Sementara itu Adler dan Aranya seperti yang dikutip Cahyono dan
Ghozali (2002) mendapati bahwa sejalan dengan semakin tingginya jabatan
akuntan public dalam tingkatan hirarki organisasi, mereka akan memiliki
tingkatan aktualisasi diri yang lebih kuat, kepuasan kerja intrinsic dan
extrinsic yang lebih besar, serta komitmen professional dan organisasi yang
lebih kuat. Jeffrey dan Weatherholt (1996) berpendapat bahwa komitmen
profesi merupakan konsep sosialisasi seseorang kedalam profesi, sehingga
mereka yang berada dalam profesi untuk periode yang lebih lama akan
memiliki komitmen profesi yang lebih kuat disbanding dengan mereka yang
baru saja memasuki profesi. Dengan kata lain jabatan dan lama masa kerja
seseorang dalam suatu profesi memegang peranan penting dalam menentukan
kepuasan kerja maupun komitmen profesi seseorang.
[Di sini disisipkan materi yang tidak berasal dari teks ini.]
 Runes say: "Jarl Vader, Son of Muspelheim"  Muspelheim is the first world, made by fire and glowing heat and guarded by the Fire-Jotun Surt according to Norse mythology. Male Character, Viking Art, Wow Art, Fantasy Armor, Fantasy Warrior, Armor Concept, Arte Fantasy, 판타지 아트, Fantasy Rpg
Masa kerja seseorang auditor akan menentukan tingkat pengalaman
yang dimilikinya. Kemantangan auditor dalam melakukan audit tidak hanya
ditentukan oleh pengetahuan yang diperoleh selama dalam pendidikan namun
juga tidak kalah pentingnya adalah pengalaman yang diperoleh selama
5
melakukan pemeriksaan (Sumardi dan Hardininggsih, 2002).Seseorang
dengan pengalaman kerja yang lebih banyak, akan lebih menguasai
pekerjaannya. Hal itu disebabkan karena teori terkadang tidak sejalan dengan
apa yang terdapat dilapangan. Hunton et.al (1996) dalam studinya menemukan
adanya hubungan positif antara akurasi pengetahuan tentang kekeliruan
dengan pengalaman audit yang lebih lama akan memiliki tingkatan kekeliruan
yang lebih kecil dibandingkan auditor dengan pengalaman yamg sedikit. Tan
et. Al (1999) menunjukan bahwa pengetahuan, kemampuan memecahkan
masalah dan kompleksitas tugas yang diperoleh melalui pengalaman ternyata
berpengaruh terhadap kerja auditor. Sedangkan Ashton (1991) menyatakan
bahwa pengetahuan yang diperoleh melalui pengalaman merupakan
komponen penting dari audit expertise. Sehingga dapat disimpulkan bahwa
auditor yang kurang berpengalaman akan memiliki kemungkinan melakukan
kesalahan yang lebih besar, demikian pula sebaliknya dan seseorang akan
merasa puas bila ia dapat melaksanakan pekerjaan dengn baik.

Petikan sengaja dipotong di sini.